## Problem
Entries follow. Return each line that contains the word "Resin".

## Source material

━━━━━━

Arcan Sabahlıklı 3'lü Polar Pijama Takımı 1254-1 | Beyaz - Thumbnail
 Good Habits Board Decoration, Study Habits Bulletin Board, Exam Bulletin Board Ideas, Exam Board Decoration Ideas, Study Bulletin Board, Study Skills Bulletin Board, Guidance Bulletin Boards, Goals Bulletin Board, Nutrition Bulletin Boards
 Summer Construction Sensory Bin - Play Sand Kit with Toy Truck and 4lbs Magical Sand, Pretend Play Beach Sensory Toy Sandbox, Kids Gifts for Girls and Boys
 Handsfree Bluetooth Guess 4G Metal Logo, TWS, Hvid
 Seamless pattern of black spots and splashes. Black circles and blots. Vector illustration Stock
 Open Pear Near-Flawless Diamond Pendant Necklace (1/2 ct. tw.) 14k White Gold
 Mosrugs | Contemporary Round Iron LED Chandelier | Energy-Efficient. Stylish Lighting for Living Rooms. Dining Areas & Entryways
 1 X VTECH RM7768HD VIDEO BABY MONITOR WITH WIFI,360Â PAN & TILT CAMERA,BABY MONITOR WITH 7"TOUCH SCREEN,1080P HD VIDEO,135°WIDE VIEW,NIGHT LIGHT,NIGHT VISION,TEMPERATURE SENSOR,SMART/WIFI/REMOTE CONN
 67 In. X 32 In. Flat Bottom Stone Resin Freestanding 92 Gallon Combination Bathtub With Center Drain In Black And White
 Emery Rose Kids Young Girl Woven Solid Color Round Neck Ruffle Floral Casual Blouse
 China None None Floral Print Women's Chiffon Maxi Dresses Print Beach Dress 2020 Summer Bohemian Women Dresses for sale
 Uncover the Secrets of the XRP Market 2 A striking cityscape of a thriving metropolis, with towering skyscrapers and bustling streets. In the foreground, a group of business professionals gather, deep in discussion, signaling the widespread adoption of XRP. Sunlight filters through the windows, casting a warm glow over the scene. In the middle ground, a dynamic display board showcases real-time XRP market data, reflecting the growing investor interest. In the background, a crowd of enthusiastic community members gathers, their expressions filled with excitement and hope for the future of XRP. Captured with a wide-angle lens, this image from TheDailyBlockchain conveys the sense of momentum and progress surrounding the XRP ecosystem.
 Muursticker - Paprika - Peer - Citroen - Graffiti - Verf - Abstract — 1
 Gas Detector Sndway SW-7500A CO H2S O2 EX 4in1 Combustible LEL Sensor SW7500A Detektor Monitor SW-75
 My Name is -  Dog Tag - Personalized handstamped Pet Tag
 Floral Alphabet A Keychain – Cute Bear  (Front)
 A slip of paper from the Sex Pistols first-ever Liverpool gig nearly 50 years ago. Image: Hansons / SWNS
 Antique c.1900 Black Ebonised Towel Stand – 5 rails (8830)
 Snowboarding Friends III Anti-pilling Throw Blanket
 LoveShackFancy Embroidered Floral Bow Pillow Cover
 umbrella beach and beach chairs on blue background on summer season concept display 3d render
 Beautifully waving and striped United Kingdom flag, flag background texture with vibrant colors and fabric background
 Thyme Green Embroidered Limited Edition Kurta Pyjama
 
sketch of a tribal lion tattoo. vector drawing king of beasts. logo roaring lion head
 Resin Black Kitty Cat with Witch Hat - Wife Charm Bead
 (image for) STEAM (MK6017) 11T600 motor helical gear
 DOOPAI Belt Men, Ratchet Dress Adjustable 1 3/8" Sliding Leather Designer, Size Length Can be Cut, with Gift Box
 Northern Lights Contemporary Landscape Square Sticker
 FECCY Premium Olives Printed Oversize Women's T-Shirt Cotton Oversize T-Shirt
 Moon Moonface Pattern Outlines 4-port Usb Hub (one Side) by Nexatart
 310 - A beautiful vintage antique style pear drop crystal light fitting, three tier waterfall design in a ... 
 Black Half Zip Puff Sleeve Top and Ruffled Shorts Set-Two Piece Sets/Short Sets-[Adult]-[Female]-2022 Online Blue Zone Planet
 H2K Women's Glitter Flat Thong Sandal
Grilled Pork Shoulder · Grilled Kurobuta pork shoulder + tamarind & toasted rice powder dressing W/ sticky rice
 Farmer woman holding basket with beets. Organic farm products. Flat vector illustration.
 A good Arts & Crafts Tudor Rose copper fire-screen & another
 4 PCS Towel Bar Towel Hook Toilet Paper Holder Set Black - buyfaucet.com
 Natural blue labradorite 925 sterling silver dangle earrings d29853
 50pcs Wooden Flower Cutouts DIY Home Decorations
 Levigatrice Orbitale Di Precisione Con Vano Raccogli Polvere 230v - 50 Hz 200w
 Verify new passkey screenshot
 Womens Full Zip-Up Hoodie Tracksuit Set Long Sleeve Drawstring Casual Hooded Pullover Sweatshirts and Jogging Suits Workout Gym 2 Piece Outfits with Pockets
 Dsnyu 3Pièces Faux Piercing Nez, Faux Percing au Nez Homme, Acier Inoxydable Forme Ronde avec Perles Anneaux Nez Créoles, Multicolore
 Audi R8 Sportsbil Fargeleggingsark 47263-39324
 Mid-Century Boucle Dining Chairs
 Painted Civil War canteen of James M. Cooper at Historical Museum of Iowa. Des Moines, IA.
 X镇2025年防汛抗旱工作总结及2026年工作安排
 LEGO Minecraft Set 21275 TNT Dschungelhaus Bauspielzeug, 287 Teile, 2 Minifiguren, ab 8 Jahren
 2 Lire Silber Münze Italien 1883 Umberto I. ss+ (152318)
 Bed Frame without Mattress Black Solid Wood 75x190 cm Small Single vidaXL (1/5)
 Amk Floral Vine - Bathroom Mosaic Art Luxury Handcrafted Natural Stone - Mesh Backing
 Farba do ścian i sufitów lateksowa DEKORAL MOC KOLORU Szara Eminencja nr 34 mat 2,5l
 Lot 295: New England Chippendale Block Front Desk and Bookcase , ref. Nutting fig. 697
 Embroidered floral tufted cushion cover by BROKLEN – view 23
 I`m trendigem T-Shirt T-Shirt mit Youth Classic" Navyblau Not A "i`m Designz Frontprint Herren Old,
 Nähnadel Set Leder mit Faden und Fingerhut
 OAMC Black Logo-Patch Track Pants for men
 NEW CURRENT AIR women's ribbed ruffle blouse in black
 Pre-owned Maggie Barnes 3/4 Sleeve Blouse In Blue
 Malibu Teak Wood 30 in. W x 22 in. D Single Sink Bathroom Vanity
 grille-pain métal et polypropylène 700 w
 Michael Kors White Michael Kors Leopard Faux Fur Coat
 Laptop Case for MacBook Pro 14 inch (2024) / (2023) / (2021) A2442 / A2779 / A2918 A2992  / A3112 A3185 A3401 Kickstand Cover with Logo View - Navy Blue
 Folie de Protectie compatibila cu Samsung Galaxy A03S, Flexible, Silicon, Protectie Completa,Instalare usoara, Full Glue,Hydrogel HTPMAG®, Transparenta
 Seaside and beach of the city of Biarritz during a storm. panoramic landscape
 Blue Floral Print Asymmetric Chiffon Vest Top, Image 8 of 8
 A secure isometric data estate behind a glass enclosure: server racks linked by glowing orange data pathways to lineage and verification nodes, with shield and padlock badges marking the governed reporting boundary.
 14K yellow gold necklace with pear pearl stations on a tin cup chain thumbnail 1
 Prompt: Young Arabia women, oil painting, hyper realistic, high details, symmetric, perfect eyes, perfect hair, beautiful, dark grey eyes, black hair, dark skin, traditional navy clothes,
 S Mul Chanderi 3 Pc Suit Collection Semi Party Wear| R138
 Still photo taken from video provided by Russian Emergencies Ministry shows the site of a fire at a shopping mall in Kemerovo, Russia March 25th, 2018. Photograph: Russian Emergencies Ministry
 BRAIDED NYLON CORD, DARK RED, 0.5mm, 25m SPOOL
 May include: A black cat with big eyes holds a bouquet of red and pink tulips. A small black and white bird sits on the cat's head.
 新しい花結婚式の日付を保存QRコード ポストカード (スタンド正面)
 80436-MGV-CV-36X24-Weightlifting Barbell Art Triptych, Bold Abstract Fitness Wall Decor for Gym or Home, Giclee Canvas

━━━━━━

## Response for this exercise
 67 In. X 32 In. Flat Bottom Stone Resin Freestanding 92 Gallon Combination Bathtub With Center Drain In Black And White
 Resin Black Kitty Cat with Witch Hat - Wife Charm Bead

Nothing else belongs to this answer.